Attentional capture has a similar effect on neural
processing: an increased response for stimuli at the cued
(or rather captured) location. Inhibition of return results
in a decreased response at the cued location, in
accordance with the now decreased attention at that site.
(on the right you see the effect of inhibition of return).
This effect of capture (and inhibition of return) again
show spatial specificity , in that they occur only at the
cortical locations where the attention is directed to.
In monkey area V4, there is an increased response when
attention is directed towards the preferred stimulus
(Desimone). Spatial attention causes increased signal.
Attention to a feature (direction of motion) enhances response to that
feature all over the visual field. Feature based attention causes increased
signals of attended features.
On the left: transparent motion (two sets of moving dots moving in
opposite directions). Monkey attends one of these. Records from cells
responding to motion on the right.
→ responses are stronger (positive attentional modulation) when motion
direction on the right is the same as the direction of motion that is attending
on the left.
, Feature based attention (colour) in area V4. Fixation dot reveals which color to attend (and
later discriminate). Record activity from task-irrelevant stimuli.

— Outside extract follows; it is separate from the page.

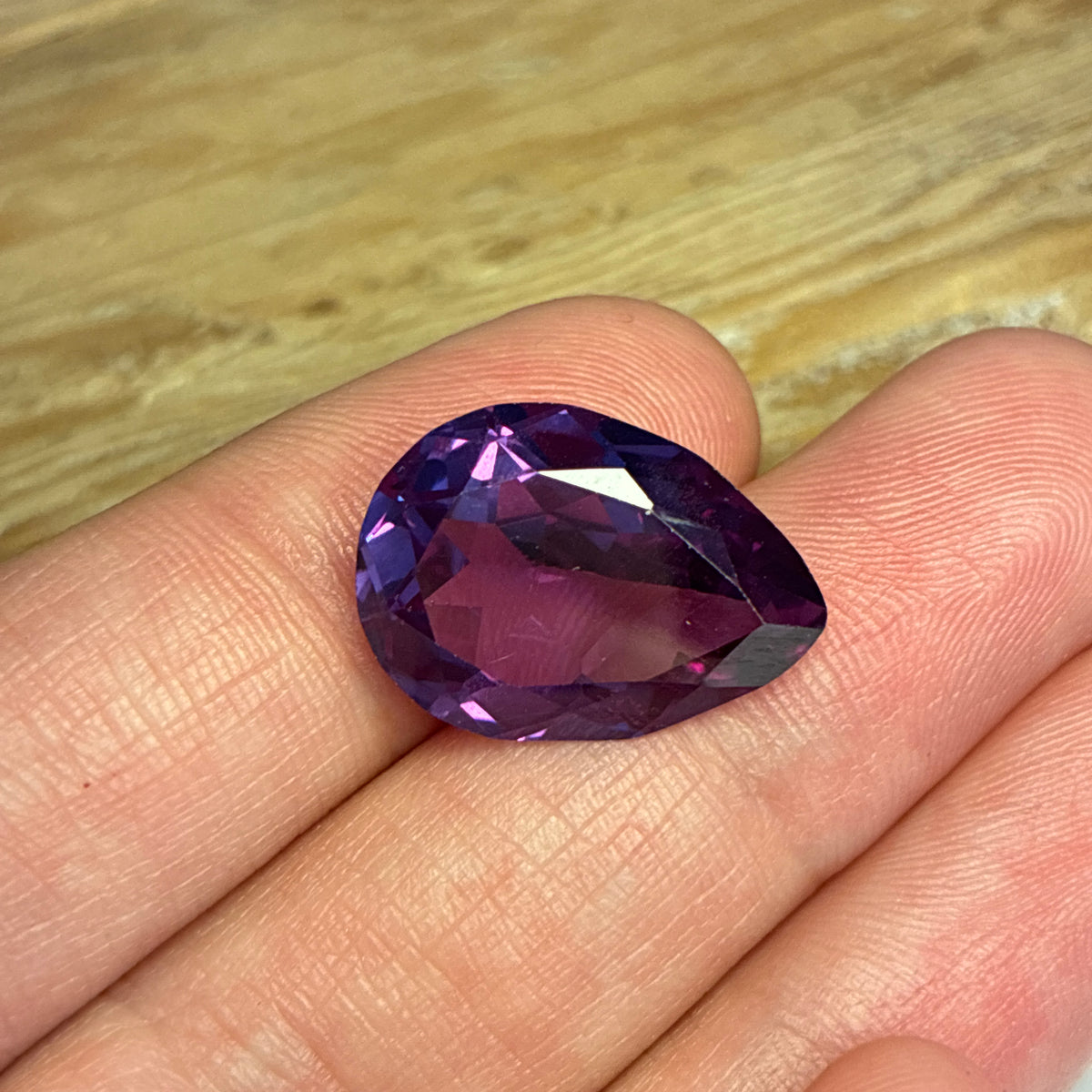 19x14mm Pear Cut Lab Sapphire, Synthetic Purple Gemstone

Object based attention increases signals of the attended object:
Attending to faces enhances activity in the FFA, while attention to houses enhances activity in
the parahippocampal place area.
In the monkey area V4, attention increases the amount of
synchrony between neurons that process the attended stimulus.
→ activity is recorded from two separate neurons with distinct
receptive fields (yellow and green boxes). When the grating
stimulus that covers these RF’s is attended, responses are larger
than when the other grating is attended.
→ But also, the strength of synchronous 50Hz oscillations
between the two neurons is larger when the stimulus covering the
RF’s is attended.
So not only more action potentials but also more synchronized.
We have seen synchrony as the potential label for assembly coding: neurons of each assembly
fire action potentials in synchrony. Assembly A and B code for different objects. The brain
‘knows’ which parts belong together because those belong to an assembly fire action
potentials in synchrony (cross-correlation function reveals synchrony).
Increased synchrony and increased response
have both been proposed as a neural correlate
of perceptual grouping/binding, needed for
object recognition.
Does the increased synchronyand reponse
strength seen when the stimuli are attended
play a role in (better) object recognition?
1. Feature integration theory
2. Biased competition theory
Feature integration theory → visual search task (find wally).
Wally is uniquely defined by a combination of different features.